Most of you have already developed a love/hate relation with the CDKAtomTypeMatcher. This is the class that complains about atom types not being recognized. And let me stress this one more time. When you get such a method, it means that the CDK cannot add hydrogen, it cannot calculate QSAR descriptors, etc, etc. I have had the comment that CDK 1.0 never complained about that. True. It just ignored the fact that it did not know what to do with that atom, and calculated (wrong) properties anyway.
The solution to such a missing atom type warning can be two-fold. First, the input data was wrong, for example, because formal charges were lost at some point. A typical example is a neutral four-coordinated nitrogen. Second, the input data is correct and the CDK is wrong. This doesn't happen too often, but it does.
This last is the topic of this post. The CDK can be 'wrong' in two ways.

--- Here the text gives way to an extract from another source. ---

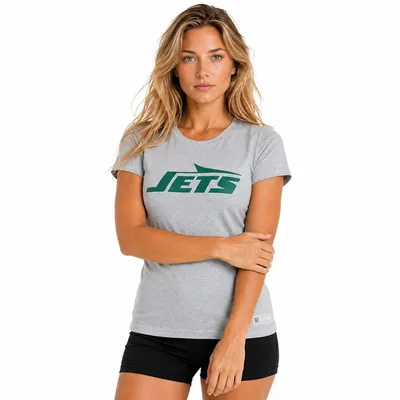 Playera Aficionado NFL New York Jets Manga Corta Gris Mujer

Either it doesn't know the atom type (CDK 1.2 and 1.4 have more atom types than CDK 1.0 ever had; so), or the perception algorithm makes a mistake. The latter is not uncommon, particularly for some elements, like nitrogen. The cause here is the input data, or better, the lack of input data. Missing bond orders, missing explicit hydrogens. Now, cheminformatics can make educated guesses, and so the perception algorithm does. But it depends on its education.
Doing the needed education of the CDK basically looks like this commit. It adds:
- a new atom type to the ontology,
- adds code to the CDKAtomTypeMatcher for the perception, and
- adds unit tests to make sure it does the right thing.
- the element (duh),
- the formal charge,
- the number of bound neighbors,
- the number of double bond equivalents (piBondCount),
- the number of lone pairs, and
- the hybridization state (sp3, sp1, etc).